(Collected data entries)
-=-=-
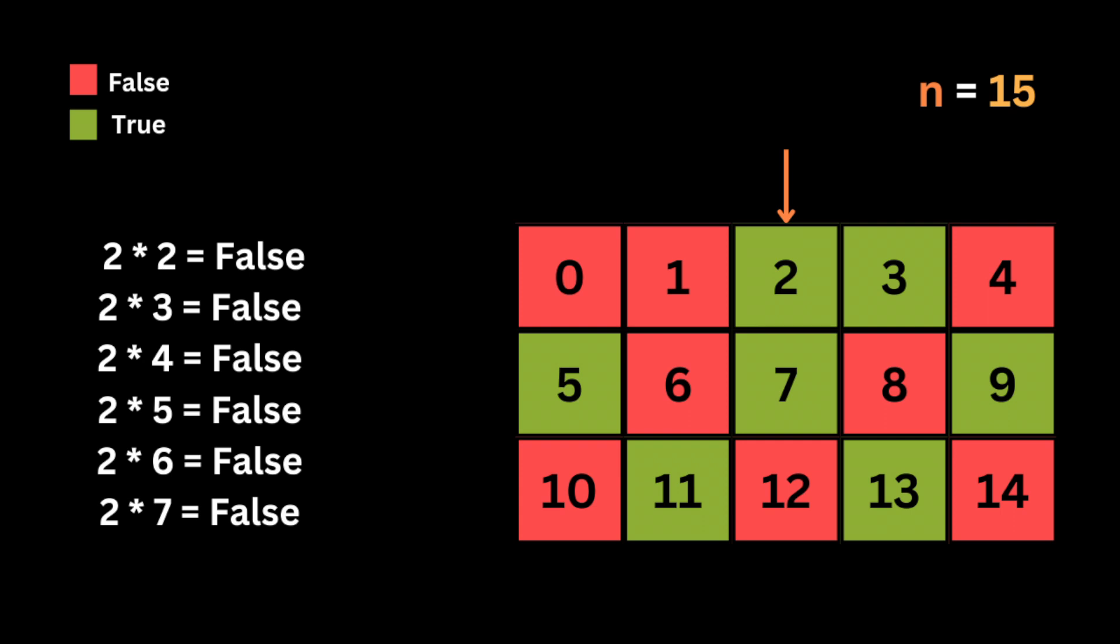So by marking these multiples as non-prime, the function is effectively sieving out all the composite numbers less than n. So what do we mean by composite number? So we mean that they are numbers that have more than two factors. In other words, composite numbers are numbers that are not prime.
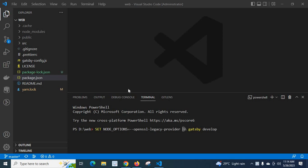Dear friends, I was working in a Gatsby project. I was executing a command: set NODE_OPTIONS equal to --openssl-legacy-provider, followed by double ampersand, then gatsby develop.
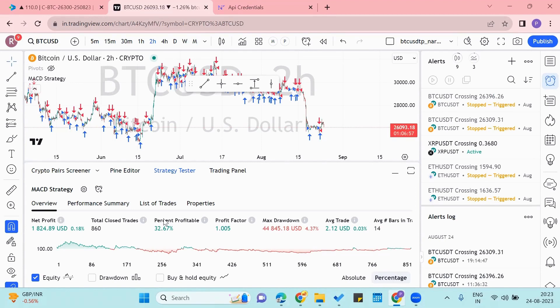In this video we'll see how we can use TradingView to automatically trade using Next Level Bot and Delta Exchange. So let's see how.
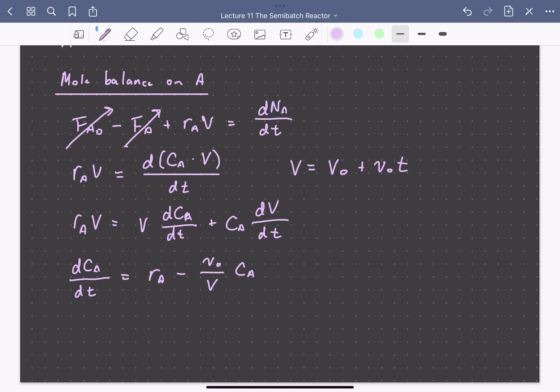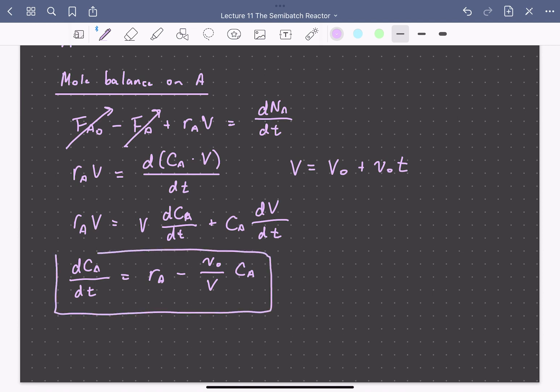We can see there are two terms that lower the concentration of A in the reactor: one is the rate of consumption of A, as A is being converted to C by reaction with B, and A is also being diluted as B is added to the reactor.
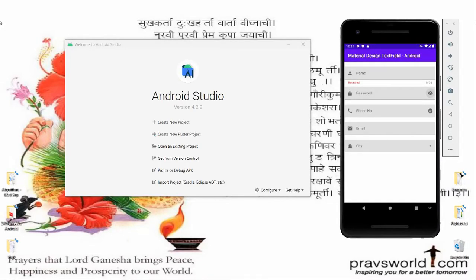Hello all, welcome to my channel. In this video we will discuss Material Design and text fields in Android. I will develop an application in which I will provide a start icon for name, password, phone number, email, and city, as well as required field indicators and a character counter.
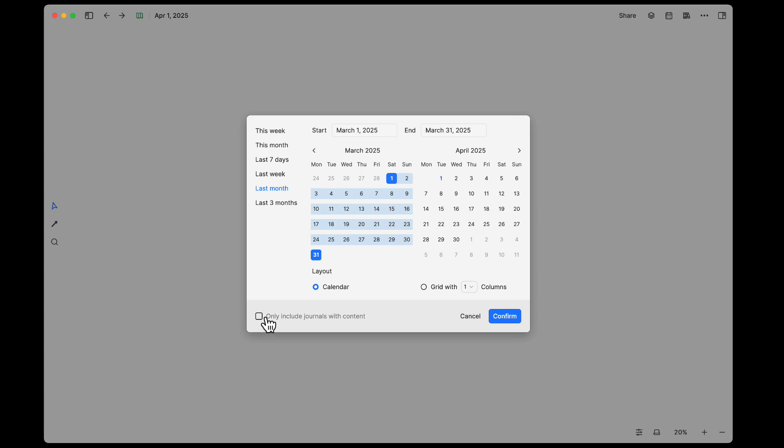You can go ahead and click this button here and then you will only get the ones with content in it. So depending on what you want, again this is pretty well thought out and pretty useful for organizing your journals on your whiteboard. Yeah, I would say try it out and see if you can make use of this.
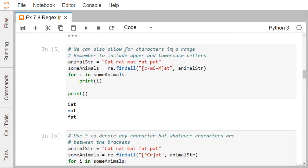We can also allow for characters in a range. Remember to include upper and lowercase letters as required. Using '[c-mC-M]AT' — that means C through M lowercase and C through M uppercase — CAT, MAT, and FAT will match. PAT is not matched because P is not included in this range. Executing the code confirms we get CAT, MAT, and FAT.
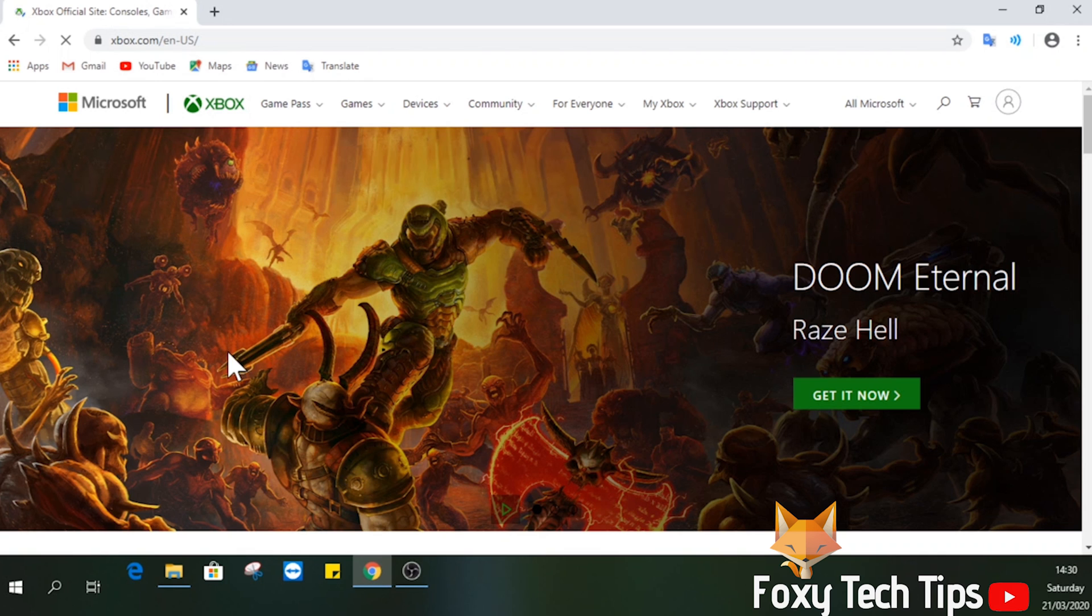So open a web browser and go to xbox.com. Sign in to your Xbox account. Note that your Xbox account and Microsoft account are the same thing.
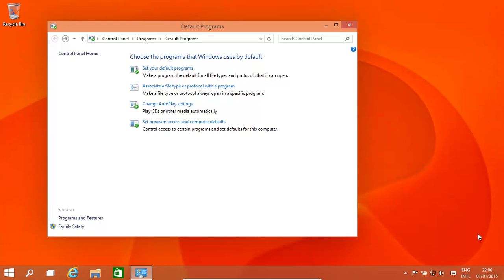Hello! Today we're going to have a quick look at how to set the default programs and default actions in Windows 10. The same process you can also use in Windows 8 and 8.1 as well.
-=-=-
**BRIEF**
Print the records word for word and exclude any picture they hold.

**SOLUTION FOR THIS TASK**
So by marking these multiples as non-prime, the function is effectively sieving out all the composite numbers less than n. So what do we mean by composite number? So we mean that they are numbers that have more than two factors. In other words, composite numbers are numbers that are not prime.
Dear friends, I was working in a Gatsby project. I was executing a command: set NODE_OPTIONS equal to --openssl-legacy-provider, followed by double ampersand, then gatsby develop.
In this video we'll see how we can use TradingView to automatically trade using Next Level Bot and Delta Exchange. So let's see how.
We can see there are two terms that lower the concentration of A in the reactor: one is the rate of consumption of A, as A is being converted to C by reaction with B, and A is also being diluted as B is added to the reactor.
Hello all, welcome to my channel. In this video we will discuss Material Design and text fields in Android. I will develop an application in which I will provide a start icon for name, password, phone number, email, and city, as well as required field indicators and a character counter.
You can go ahead and click this button here and then you will only get the ones with content in it. So depending on what you want, again this is pretty well thought out and pretty useful for organizing your journals on your whiteboard. Yeah, I would say try it out and see if you can make use of this.
We can also allow for characters in a range. Remember to include upper and lowercase letters as required. Using '[c-mC-M]AT' — that means C through M lowercase and C through M uppercase — CAT, MAT, and FAT will match. PAT is not matched because P is not included in this range. Executing the code confirms we get CAT, MAT, and FAT.
So open a web browser and go to xbox.com. Sign in to your Xbox account. Note that your Xbox account and Microsoft account are the same thing.
Hello! Today we're going to have a quick look at how to set the default programs and default actions in Windows 10. The same process you can also use in Windows 8 and 8.1 as well.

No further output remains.